And it shall be when you come to the land which HaShem your God shall give you as a portion, and you shall inherit it and dwell in it;

You shall take from the first of all the fruits of the earth, which you shall bring of the land which HaShem your God shall give you, and place it in a basket. And you shall go to the place which HaShem your God shall choose to rest His name therein....

You shall speak and say before HaShem your God:

"An Aramean sought to wipe out my father, and he went down to Egypt and lived there with few, and became there a nation, great, mighty, and numerous.

And the Egyptians were bad to us and afflicted us, and set upon us hard labor.

And we called out to HaShem the God of our fathers, and HaShem heard our voice and saw our affliction, our labor and oppression.

And God took us out of Egypt, with mighty hand and an outstretched arm and great terribleness, with signs and wonders.

And He brought us to this place and gave us this land, a land flowing with milk and honey.

And now, behold! I have brought the first-fruits of the land which You have given me, HaShem,"

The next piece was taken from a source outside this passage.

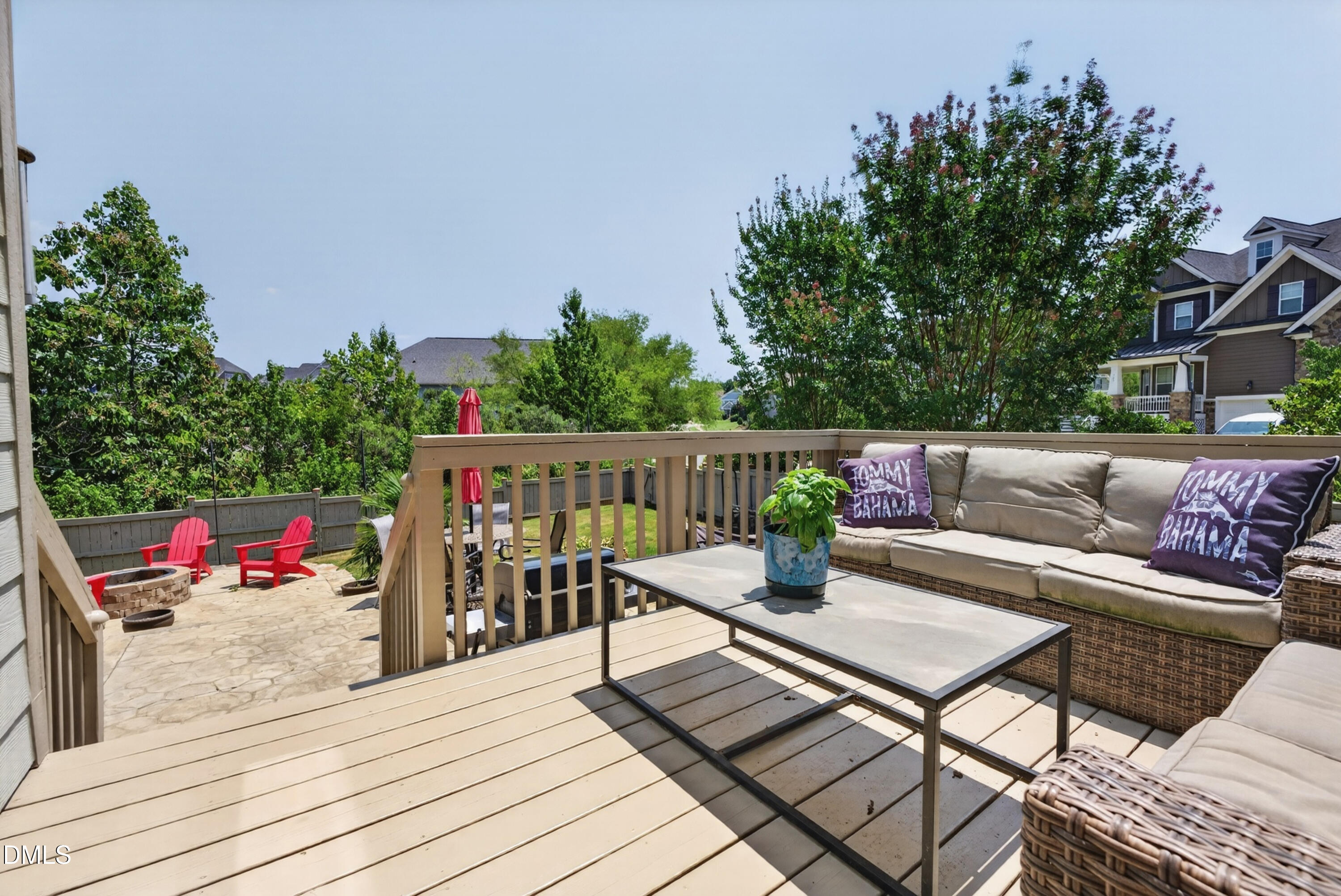 101 Cahors Trail Property Photo 14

and you shall place it before HaShem your God, and you shall bow down before HaShem your God. And you shall rejoice in all the bounty which HaShem your God has given you and your household, you and the levite and the stranger (the unlanded poor) in your midst. (Deut. 26,1-11)

            This passage was first given to the Jews when they were still in the desert on the way to the promised land. Imagine the anticipation of these sons of slaves who have been traveling for forty years to the land of their dreams, of the promise of their forefathers. The passage tersely summarizes Jewish history (ignoring all the ups-and-downs in the middle) - You were slaves and now you have come to THE LAND, you have reached fulfillment, you have MADE IT. Therefore ("and now, behold!"), you bring the first-fruits, the first products of the long anticipation to God and place it there - and then you may rejoice in all the bounty.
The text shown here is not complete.